Data listing
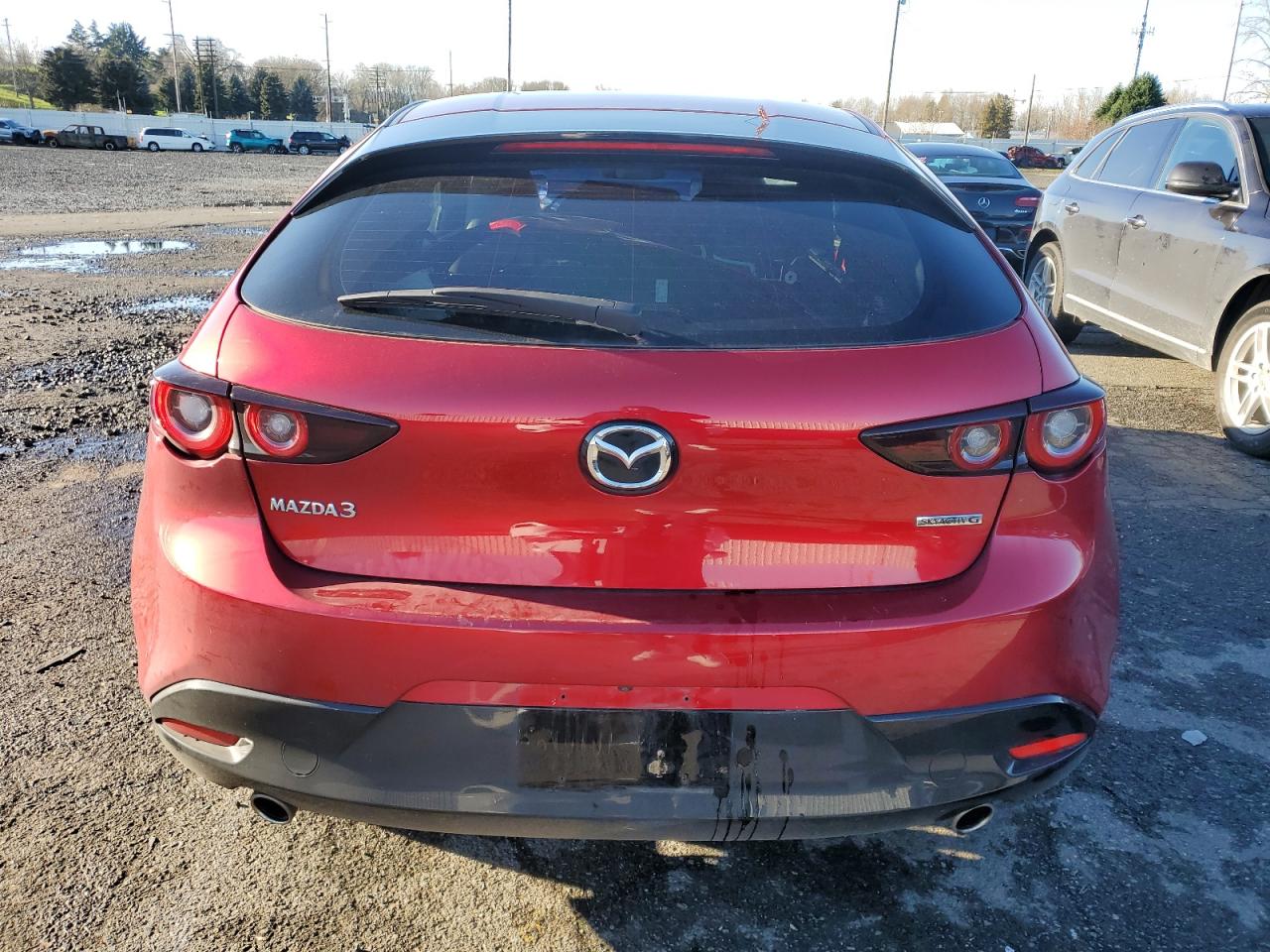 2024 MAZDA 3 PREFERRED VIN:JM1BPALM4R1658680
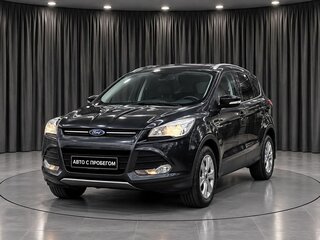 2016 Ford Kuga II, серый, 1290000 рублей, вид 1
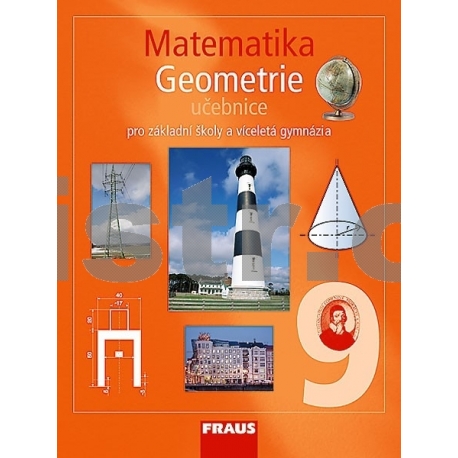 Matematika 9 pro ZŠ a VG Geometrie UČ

...

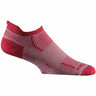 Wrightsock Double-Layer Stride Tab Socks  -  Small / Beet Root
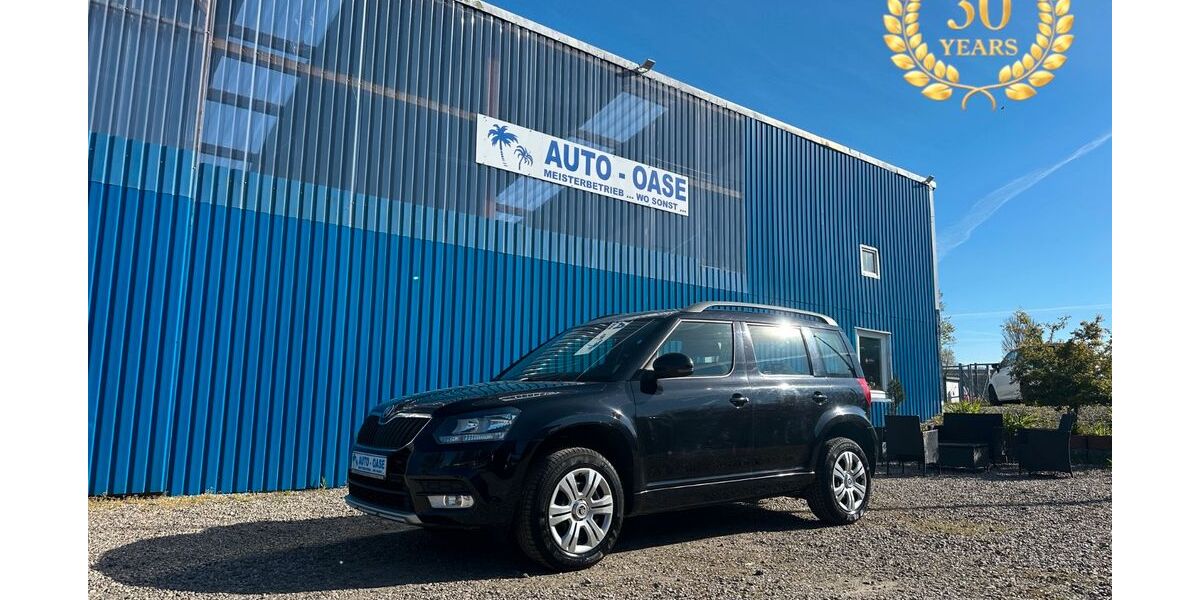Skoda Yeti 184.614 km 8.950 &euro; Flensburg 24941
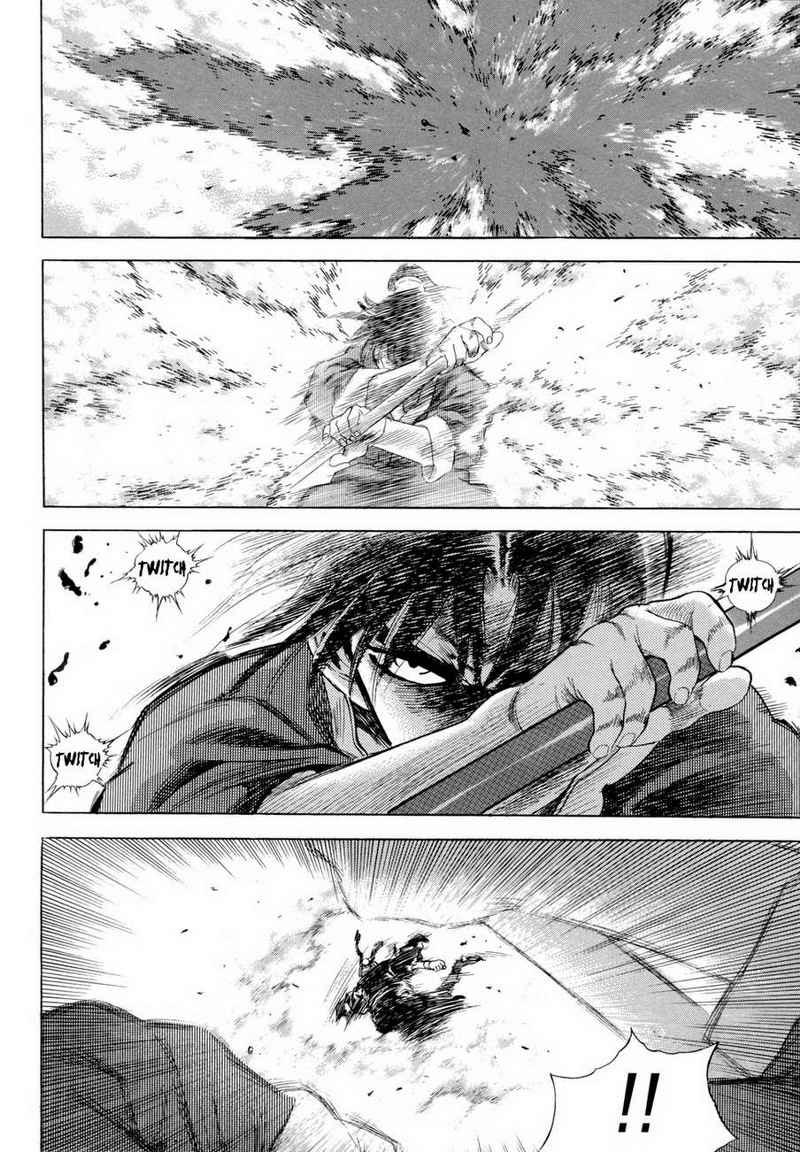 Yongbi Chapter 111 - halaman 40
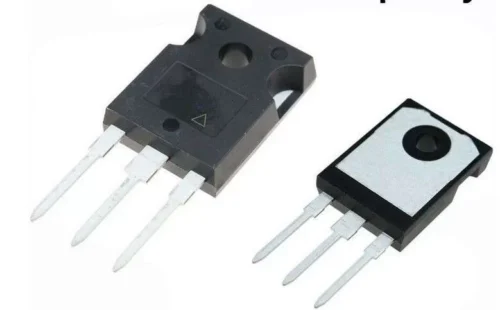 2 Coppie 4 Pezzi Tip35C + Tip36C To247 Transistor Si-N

Problem requirements
Give again, exactly as written above, each line from the one that has "Yongbi Chapter 111 - halaman 40" to the one that has "2 Coppie 4 Pezzi", both included; omit the pictures.

Completed task
 Yongbi Chapter 111 - halaman 40
 2 Coppie 4 Pezzi Tip35C + Tip36C To247 Transistor Si-N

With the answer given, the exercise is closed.